The jury at Sen. Ted Stevens' (R-Alaska) corruption trial, now in its second day of deliberations over the senator's fate, has sent a note to Judge Emmet Sullivan complaining about the "violent outbursts" of one of the jurors, reports Dan Reilly.
After consulting with Stevens' lawyers and prosecutors, Judge Sullivan is calling them back into the courtroom for a lecture on the proper decorum for the difficult task they face.
The jurors' note to Judge Sullivan said the juror in question, a woman, "has had violent outbursts with other jurors and that's not helping anyone. She is not following the laws and rules that were stipulated."

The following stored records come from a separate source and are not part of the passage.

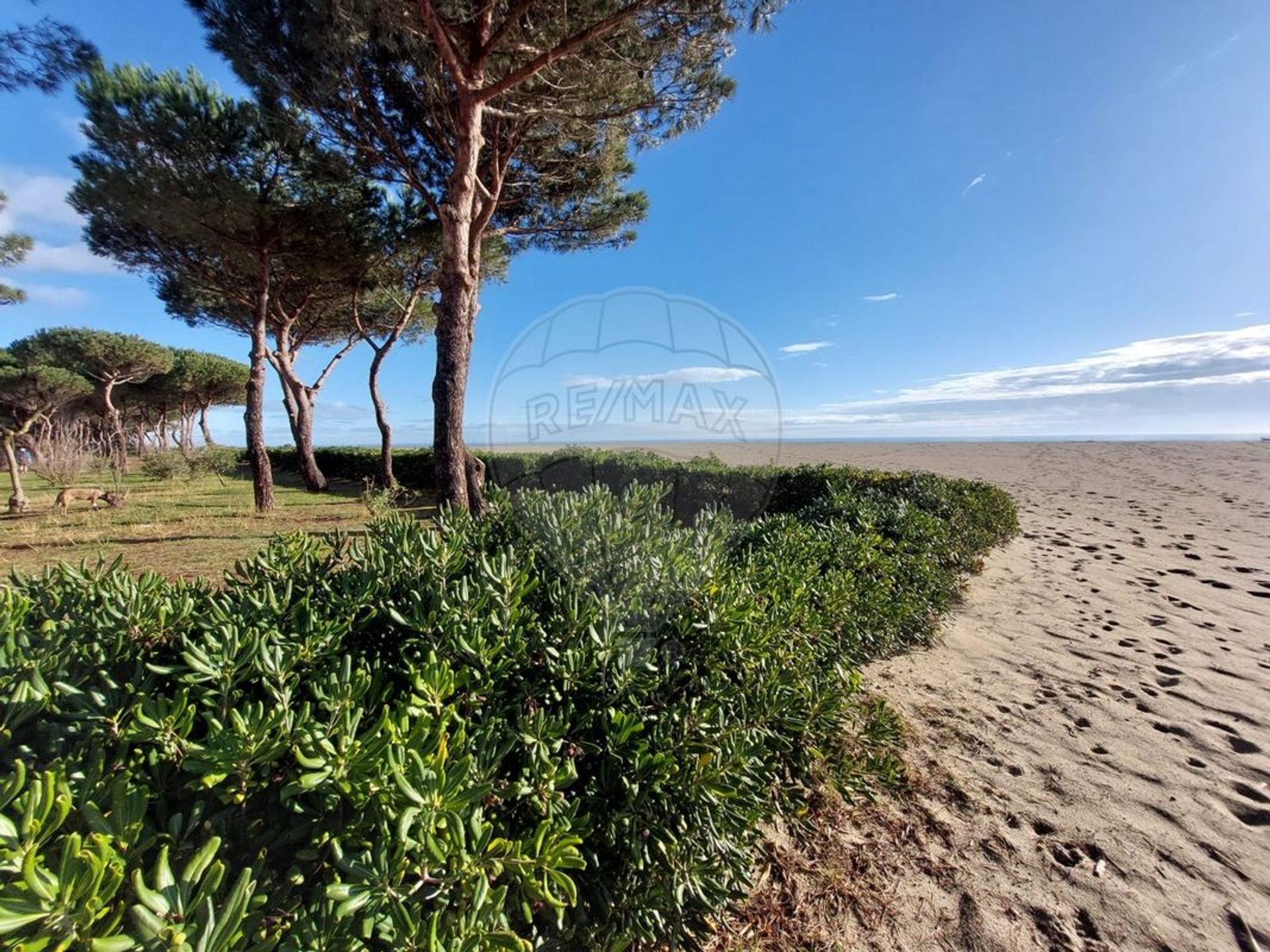 Borettslag i Argelès-sur-Mer, Occitanie 12433235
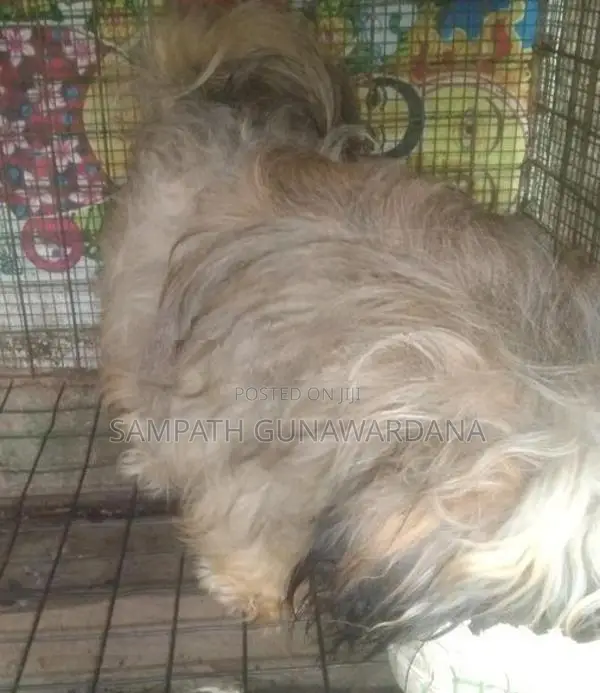 ශික්ෂු ගැහැණු සතෙක්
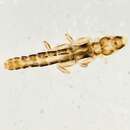 Image of Lice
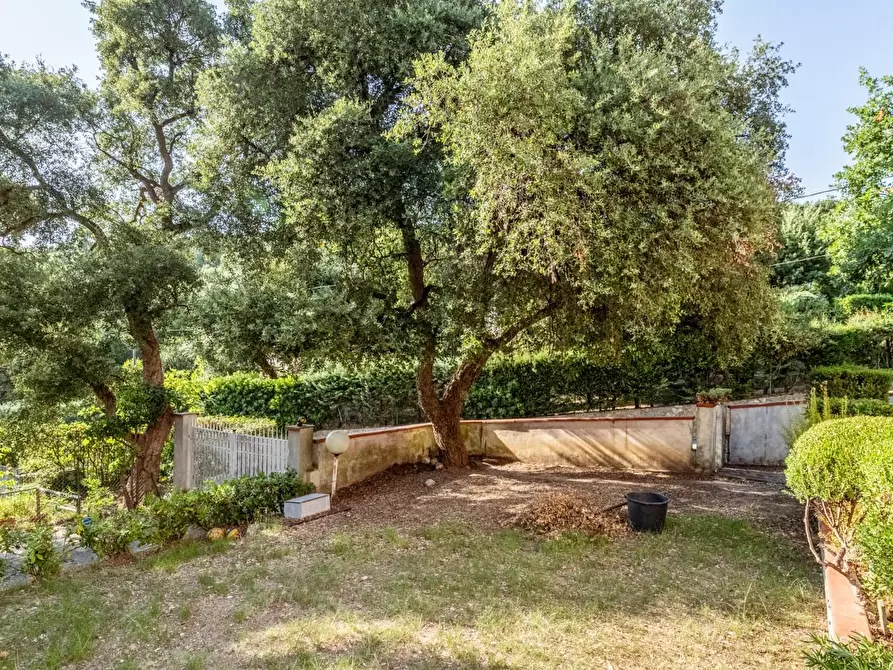 Immagine 48 di Villa in vendita  a Vicopisano
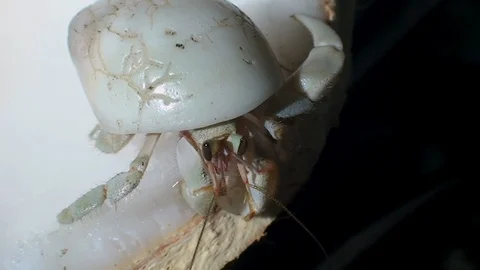 Heremit crab eating the white inside of a coconut. Stock Footage 106499452
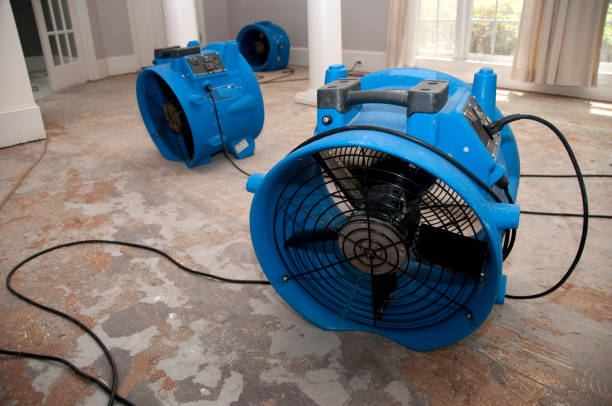 Fire Damage Restoration in Poncha Springs, CO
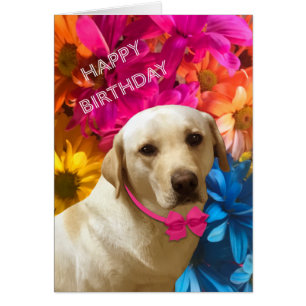 Joyeux anniversaire, animal de compagnie, chien, j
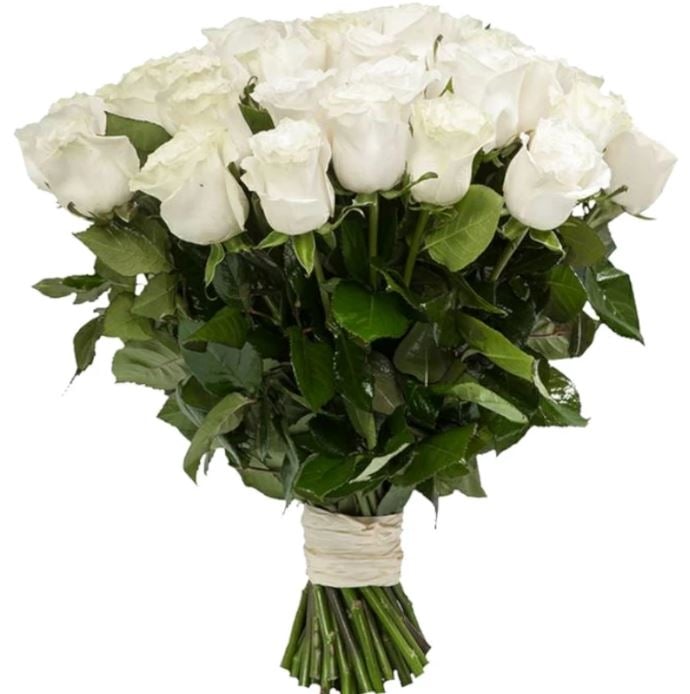 39 Luxury White Roses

Judge Sullivan called it a "very serious allegation" and asked both sides for research into whether removal of the juror was allowable and what would be the fallout of such a move.
The identity of the jurors in the monthlong trial is secret.
Stevens has been charged with failing to report more than $250,000 in improper gifts that he received from 1999 to 2006. Stevens denied the allegations, and with his reelection looming, sought a speedy trial. The case went to the jury Wednesday afternoon, and jurors returned this morning for their second day of deliberations.
Update — Judge Sullivan told the jurors that he was calling them in to give them a "pep talk."
"I want to encourage civility and mutual respect among yourselves," Judge Sullivan told them.
"You're still smiling, that's good to see," he added.
Judge Sullivan dismissed the jury to return to its deliberations. After they left, he told defense attorneys and prosecutors that his lecture may be the only action necessary to get the proceedings back on track, but added that "time will tell."
He also has yet to rule on another note sent by the jury asking for details on the financial-disclosure requirements Stevens must meet as a senator.